Every week now, Tunisian newspapers carry death notices of another young man killed in Syria, Iraq and even Libya, a tragic sign of how Tunisia’s relatively trouble-free political transition allowed a hardline religious undercurrent to surface.

Many were students, unemployed and middle class, rather than desperately poor. Some lived in marginalised rural communities, and most were taken in by extremist recruiters who found fertile ground in Tunisia’s post revolutionary freedom.

“It’s not about money,” said Mohammed Ikbel Ben Rajeb, whose organisation, RATTA, provides help to families of young men in Syria and Iraq. “Those who go to Syria really believe they are going there to find their eternity, their paradise.”

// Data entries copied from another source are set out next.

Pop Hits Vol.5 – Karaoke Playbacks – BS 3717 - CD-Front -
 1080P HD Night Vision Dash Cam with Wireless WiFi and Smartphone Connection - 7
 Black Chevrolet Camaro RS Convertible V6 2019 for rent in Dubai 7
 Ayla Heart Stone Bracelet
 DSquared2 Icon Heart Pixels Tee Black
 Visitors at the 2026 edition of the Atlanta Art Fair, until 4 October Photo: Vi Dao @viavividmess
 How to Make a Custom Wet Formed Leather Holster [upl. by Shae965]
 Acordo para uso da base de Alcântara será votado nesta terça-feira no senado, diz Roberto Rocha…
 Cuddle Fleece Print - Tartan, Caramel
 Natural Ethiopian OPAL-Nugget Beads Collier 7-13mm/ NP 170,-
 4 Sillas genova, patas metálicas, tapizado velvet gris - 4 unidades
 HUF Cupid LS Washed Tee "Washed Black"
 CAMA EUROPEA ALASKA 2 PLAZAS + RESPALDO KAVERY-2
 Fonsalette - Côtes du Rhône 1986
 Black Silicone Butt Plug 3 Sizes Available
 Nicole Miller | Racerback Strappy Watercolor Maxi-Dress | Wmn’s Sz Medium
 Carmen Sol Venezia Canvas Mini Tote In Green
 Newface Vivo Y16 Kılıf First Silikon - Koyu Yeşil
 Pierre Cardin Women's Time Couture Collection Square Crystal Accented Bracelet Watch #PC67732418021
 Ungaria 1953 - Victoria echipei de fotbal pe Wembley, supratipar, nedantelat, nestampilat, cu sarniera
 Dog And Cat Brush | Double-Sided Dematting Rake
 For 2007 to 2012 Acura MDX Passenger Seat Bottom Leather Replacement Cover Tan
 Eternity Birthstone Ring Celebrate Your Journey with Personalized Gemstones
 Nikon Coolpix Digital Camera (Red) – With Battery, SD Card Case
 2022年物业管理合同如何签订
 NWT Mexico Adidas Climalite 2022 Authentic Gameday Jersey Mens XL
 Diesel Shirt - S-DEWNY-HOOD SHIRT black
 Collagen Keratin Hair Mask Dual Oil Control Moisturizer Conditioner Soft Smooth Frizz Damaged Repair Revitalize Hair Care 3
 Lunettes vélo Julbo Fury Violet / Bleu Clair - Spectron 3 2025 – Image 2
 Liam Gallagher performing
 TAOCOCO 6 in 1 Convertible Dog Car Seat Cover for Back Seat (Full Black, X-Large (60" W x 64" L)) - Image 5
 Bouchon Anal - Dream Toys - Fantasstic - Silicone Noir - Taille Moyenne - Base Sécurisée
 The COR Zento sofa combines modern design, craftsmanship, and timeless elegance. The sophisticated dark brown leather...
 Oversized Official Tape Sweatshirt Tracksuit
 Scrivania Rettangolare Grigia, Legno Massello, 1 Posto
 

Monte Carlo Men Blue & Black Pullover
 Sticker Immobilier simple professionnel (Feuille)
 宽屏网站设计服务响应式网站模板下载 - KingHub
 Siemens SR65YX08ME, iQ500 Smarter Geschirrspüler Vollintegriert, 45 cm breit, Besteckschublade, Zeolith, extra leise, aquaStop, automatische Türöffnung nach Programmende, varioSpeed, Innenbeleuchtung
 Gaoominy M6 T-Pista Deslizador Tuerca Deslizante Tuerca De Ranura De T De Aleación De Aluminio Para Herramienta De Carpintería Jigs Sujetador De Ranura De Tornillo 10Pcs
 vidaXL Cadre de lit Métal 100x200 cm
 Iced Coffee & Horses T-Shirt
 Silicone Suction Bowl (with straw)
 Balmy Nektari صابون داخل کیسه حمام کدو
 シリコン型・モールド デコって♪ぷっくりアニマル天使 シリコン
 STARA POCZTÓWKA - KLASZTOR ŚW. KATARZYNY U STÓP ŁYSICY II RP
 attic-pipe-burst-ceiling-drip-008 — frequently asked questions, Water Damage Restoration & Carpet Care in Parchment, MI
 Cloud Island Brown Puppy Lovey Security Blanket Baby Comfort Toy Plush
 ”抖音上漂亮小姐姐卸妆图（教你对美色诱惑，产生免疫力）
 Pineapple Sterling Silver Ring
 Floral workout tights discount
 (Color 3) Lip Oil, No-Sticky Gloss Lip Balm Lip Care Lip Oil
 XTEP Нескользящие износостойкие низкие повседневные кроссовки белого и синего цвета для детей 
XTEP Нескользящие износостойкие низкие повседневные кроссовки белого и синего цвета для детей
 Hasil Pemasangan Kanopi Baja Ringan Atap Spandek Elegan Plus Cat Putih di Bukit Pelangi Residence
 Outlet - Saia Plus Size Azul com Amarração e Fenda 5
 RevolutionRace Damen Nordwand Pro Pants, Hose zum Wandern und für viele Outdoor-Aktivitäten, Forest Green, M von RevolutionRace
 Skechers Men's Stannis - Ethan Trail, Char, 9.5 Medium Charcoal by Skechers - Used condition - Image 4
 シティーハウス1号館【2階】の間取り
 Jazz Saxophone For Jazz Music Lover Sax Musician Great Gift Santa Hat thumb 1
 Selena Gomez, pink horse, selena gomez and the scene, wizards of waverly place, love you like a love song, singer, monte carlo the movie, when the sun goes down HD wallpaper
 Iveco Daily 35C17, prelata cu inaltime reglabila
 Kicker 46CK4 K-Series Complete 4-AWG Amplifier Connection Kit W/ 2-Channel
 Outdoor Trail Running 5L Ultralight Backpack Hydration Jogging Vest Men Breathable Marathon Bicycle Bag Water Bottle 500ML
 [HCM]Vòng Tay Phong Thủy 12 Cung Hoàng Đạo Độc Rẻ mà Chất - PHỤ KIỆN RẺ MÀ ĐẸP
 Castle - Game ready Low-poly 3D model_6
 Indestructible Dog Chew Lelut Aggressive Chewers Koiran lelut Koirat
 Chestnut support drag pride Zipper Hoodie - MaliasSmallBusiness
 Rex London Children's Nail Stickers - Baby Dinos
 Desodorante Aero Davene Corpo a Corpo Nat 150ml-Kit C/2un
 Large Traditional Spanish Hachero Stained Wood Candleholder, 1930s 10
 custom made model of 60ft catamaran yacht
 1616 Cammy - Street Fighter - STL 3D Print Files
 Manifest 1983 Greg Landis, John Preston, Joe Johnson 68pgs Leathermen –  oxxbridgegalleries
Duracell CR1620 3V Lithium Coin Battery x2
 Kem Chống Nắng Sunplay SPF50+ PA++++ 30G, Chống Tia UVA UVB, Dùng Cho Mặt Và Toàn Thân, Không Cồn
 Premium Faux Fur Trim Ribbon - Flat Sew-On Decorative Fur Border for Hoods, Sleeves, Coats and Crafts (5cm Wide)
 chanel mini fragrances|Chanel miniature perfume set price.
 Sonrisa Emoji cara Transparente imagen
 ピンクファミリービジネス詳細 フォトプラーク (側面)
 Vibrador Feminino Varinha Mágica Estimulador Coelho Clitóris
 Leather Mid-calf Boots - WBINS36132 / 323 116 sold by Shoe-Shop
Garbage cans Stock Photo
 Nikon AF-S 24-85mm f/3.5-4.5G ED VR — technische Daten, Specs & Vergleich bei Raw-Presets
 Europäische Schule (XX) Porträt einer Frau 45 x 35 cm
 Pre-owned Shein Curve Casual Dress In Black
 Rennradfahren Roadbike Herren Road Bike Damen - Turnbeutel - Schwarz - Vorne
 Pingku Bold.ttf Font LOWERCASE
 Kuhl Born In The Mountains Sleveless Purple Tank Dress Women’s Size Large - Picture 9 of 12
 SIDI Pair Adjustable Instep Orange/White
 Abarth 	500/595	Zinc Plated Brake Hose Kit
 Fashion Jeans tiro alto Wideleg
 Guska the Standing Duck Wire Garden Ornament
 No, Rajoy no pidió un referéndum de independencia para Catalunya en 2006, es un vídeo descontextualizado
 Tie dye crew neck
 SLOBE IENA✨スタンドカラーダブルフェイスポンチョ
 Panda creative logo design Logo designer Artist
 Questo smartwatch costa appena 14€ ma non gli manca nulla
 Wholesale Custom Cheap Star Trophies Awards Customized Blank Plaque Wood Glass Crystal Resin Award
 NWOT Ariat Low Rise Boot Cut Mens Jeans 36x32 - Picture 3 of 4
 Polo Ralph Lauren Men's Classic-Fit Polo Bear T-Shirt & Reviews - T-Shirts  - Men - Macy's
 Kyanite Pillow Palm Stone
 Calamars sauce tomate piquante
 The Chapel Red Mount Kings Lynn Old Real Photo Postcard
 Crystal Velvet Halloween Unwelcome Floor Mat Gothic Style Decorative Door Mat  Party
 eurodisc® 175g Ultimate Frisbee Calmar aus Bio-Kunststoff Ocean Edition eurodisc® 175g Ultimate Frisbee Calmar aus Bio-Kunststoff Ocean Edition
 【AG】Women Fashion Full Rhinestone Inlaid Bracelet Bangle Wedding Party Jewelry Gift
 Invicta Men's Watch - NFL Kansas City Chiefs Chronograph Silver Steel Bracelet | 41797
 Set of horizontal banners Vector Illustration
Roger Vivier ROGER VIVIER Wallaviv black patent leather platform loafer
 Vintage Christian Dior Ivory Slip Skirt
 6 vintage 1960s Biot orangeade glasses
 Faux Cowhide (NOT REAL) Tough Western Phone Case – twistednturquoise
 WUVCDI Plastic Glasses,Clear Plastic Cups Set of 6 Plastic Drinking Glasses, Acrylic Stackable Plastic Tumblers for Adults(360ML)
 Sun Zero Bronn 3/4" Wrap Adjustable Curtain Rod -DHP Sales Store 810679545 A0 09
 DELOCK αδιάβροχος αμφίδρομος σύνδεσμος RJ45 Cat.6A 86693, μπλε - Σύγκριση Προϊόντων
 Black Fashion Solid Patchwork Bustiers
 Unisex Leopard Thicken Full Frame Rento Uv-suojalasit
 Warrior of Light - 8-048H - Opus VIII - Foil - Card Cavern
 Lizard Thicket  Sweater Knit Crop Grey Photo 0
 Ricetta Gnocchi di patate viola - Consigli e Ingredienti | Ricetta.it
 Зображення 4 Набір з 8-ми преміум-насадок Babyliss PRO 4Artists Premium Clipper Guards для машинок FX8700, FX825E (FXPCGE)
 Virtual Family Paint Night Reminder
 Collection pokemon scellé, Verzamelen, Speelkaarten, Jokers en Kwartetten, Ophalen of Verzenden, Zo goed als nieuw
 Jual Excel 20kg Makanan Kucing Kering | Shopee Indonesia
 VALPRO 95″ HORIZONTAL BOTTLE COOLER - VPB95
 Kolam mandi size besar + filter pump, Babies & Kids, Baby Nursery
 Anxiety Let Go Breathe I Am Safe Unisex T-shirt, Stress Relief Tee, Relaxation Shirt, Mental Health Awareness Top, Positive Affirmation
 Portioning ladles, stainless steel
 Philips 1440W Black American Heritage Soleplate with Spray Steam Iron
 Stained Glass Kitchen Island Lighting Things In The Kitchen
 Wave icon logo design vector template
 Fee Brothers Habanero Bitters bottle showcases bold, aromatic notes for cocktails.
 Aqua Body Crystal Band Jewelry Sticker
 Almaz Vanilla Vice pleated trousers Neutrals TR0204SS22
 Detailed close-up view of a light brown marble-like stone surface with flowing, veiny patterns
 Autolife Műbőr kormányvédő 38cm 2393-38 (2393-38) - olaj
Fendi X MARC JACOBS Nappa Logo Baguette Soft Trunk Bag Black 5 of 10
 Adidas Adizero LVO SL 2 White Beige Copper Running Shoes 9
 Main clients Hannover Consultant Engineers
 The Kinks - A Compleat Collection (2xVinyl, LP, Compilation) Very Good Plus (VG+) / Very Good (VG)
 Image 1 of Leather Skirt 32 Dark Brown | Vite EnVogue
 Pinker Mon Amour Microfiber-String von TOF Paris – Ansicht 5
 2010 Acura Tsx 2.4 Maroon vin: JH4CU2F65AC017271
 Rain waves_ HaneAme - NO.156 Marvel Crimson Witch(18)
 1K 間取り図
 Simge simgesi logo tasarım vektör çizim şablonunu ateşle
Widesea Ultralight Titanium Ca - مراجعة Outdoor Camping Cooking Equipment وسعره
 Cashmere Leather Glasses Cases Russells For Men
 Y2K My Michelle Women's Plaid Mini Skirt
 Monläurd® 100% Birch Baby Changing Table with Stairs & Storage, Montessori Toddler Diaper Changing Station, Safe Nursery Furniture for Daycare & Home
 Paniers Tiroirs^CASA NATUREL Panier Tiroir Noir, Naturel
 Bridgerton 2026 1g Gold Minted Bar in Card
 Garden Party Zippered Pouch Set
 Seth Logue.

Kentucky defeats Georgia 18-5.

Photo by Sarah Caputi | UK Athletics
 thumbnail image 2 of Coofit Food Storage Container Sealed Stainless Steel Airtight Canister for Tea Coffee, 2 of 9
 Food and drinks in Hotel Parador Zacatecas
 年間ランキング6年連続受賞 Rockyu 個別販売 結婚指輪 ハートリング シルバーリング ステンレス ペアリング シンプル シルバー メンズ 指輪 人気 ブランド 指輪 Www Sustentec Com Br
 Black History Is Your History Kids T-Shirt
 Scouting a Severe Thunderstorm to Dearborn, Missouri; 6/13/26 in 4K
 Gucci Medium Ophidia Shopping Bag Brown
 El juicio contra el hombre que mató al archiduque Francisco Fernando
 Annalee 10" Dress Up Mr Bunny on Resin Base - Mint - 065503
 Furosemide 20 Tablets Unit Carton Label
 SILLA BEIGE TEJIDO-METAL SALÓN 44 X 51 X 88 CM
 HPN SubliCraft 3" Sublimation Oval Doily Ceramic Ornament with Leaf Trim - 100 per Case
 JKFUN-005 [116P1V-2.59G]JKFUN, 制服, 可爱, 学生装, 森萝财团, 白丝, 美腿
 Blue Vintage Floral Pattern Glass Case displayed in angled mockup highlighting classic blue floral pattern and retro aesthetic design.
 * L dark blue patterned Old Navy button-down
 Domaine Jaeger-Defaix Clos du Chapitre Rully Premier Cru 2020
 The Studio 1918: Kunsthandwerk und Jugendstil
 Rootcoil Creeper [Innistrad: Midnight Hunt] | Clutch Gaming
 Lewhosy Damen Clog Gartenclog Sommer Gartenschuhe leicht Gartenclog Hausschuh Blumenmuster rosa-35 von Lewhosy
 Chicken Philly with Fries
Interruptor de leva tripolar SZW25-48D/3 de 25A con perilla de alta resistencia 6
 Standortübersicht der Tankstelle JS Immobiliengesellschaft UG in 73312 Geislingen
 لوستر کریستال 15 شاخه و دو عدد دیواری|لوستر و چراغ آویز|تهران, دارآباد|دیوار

One of the Arab world’s most secular countries, Tunisia struggled after its 2011 revolution with a fierce, sometimes violent, debate over the role of Islam in the political world and with the rise of ultra-conservative Salafists. After Islamist militants killed two secular opposition leaders last year, the country righted its transition. There were parliamentary elections in October and a presidential vote will be held on Sunday.

The government arrested 1,500 suspected militants this year, and took many mosques back from the hands of radical imams.

“These places should be for prayer and not for giving extremist speeches, talks that incite people to violence and terrorism,” Prime Minister Mehdi Jomaa told Reuters.

But ultra-conservative Islamists complain the government crackdown impinges on their freedoms.

“What we are living now is a repression of mosques,” said Abd Arrahem Kamoun, a conservative preacher who was dismissed in the government crackdown. “Today it is harder to control the younger salafists after all the repression.”